Michigan Tech hosts variety of events for Indigenous Peoples' Day
A crowd formed on Michigan Tech's campus this afternoon as the Keweenaw Bay Indian Community's Woodland Singers performed at the husky statue on campus, part of Michigan Tech's Indigenous Peoples’ Day celebration.
"It's a day that we celebrate and recognize indigenous people across the world, but especially right here on the land in which Michigan Tech was built on, Ojibwa territory," said Kellie Raffaelli, Director of the Michigan Tech Center for Diversity and Inclusion.
A series of events focused on indigenous peoples’ history and culture will take place on campus over the course of several days.

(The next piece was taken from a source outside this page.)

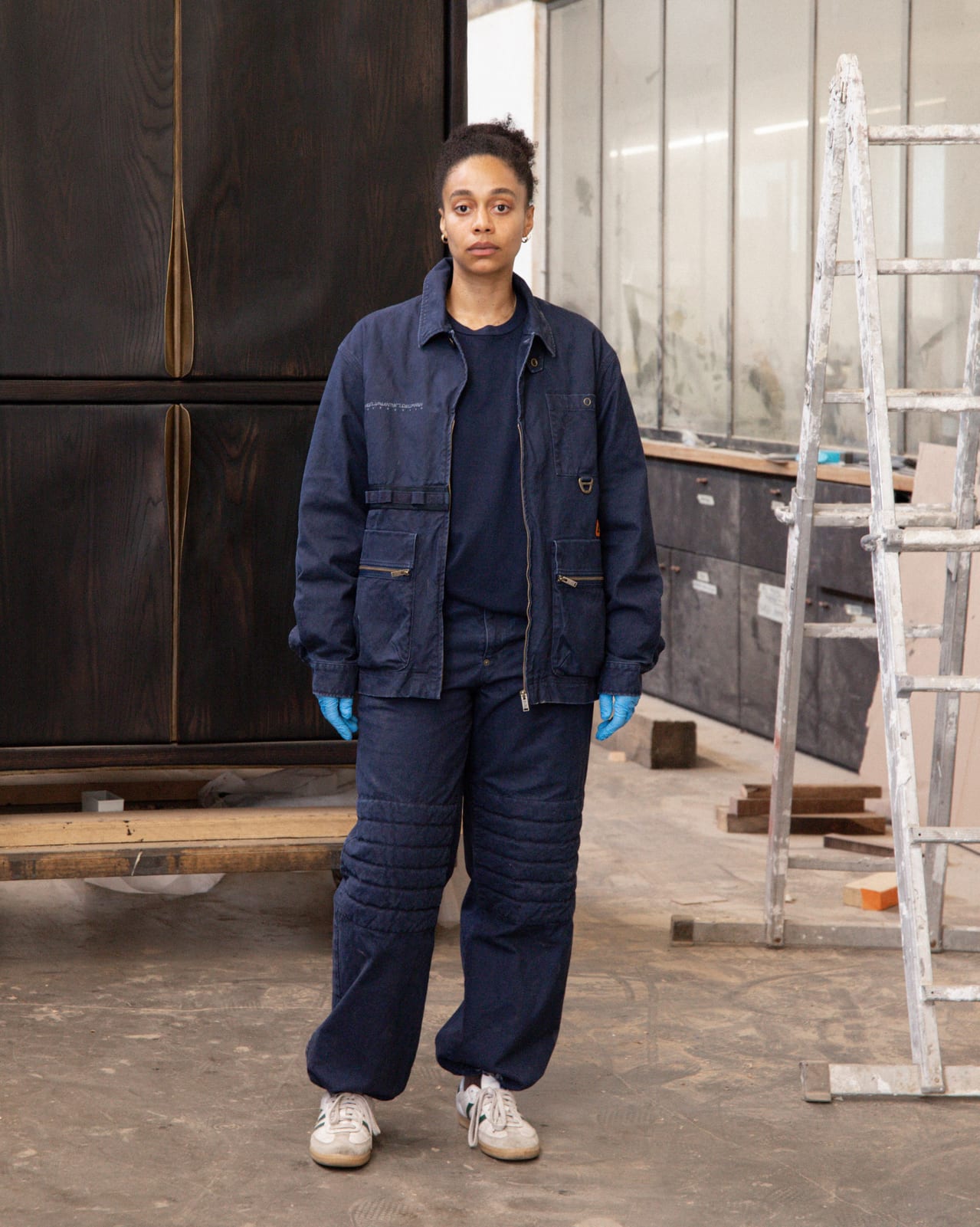 A woman in blue nitrile gloves stands on a workshop floor in a navy zip jacket and matching navy trousers with quilted knees, beside a stepladder and a tall dark wooden cabinet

"Tonight we're showing film, and then tomorrow we're having a meet and greet with a Michigan Tech Alumni who's going to talk about his experiences as an indigenous person," added Raffaelli.
Both faculty and students at Michigan Tech feel that it's important to see and recognize indigenous culture.
"We often think of Native American communities as being in the past, but we need to dispel that and stop erasing the fact that they're still here thriving and successfully living right here in our own communities," said Raffaelli.
"It's important, we need to spread awareness of our culture, because not many people understand what our people have gone through," said Kayla Dakota, a student at Michigan Tech.
This is also the first year Indigenous Peoples’ Day has been officially recognized by the State of Michigan, replacing Columbus Day.